■ WHAT YOU WILL DO ■
Among the lines below, copy exactly those from the one with "Куртка adidas originals" through the one with "Cuchillo de bolsillo", counting both ends.

■ DATASET RECORDS ■

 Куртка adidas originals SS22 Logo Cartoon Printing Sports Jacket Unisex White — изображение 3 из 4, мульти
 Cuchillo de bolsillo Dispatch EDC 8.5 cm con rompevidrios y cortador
---
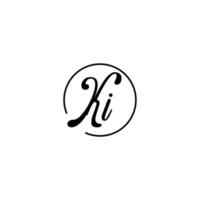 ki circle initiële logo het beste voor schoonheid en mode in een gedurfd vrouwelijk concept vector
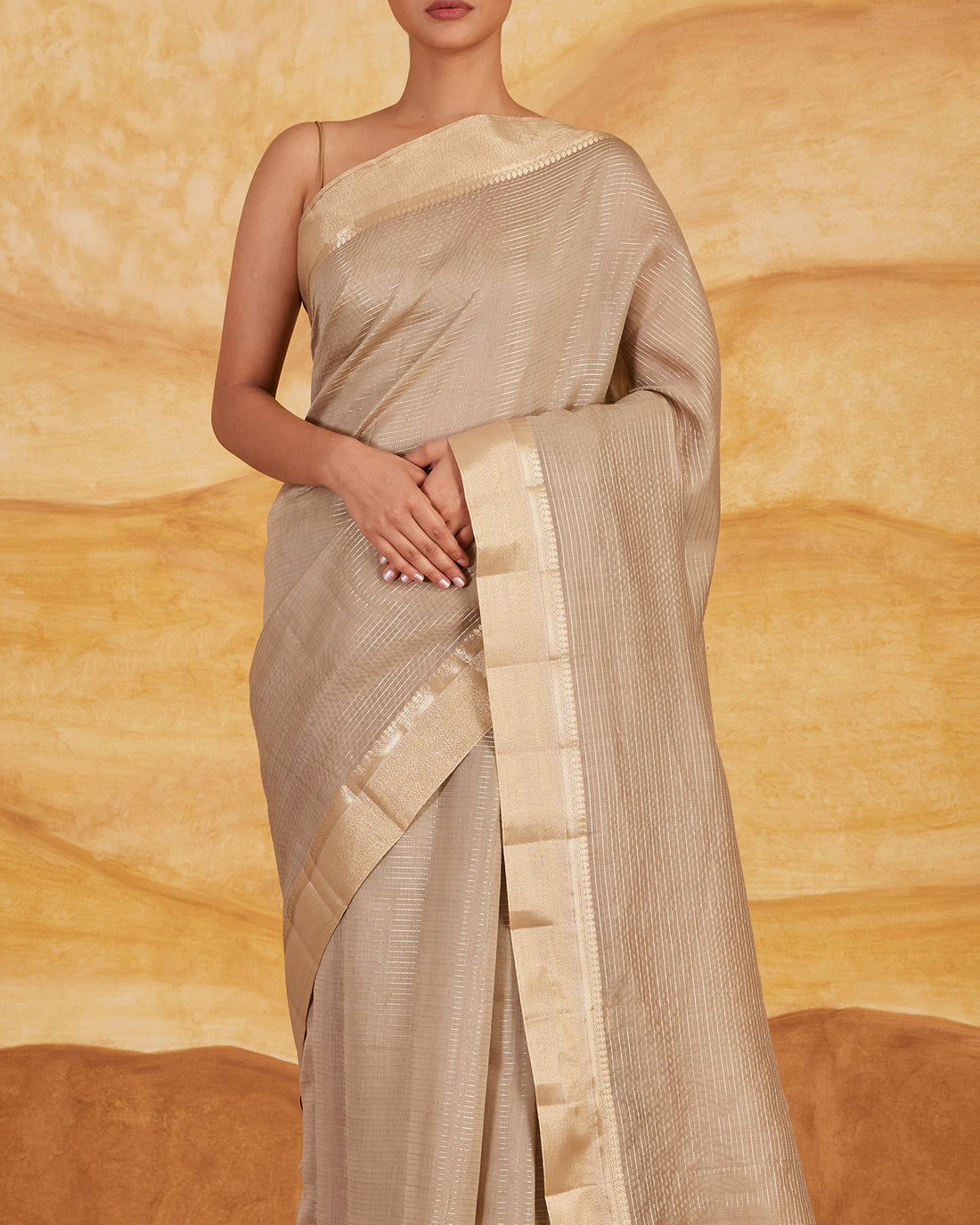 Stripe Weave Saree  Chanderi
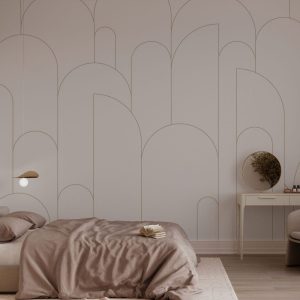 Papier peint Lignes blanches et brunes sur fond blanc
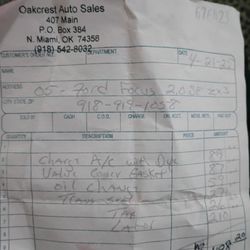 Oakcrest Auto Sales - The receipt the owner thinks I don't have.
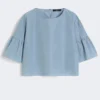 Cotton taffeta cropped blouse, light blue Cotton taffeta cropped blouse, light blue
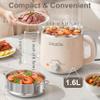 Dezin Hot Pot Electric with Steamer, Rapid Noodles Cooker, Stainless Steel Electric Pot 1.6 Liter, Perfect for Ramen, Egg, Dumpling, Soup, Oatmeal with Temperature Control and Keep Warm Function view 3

■ RESULT OF THIS TASK ■
 Куртка adidas originals SS22 Logo Cartoon Printing Sports Jacket Unisex White — изображение 3 из 4, мульти
 Cuchillo de bolsillo Dispatch EDC 8.5 cm con rompevidrios y cortador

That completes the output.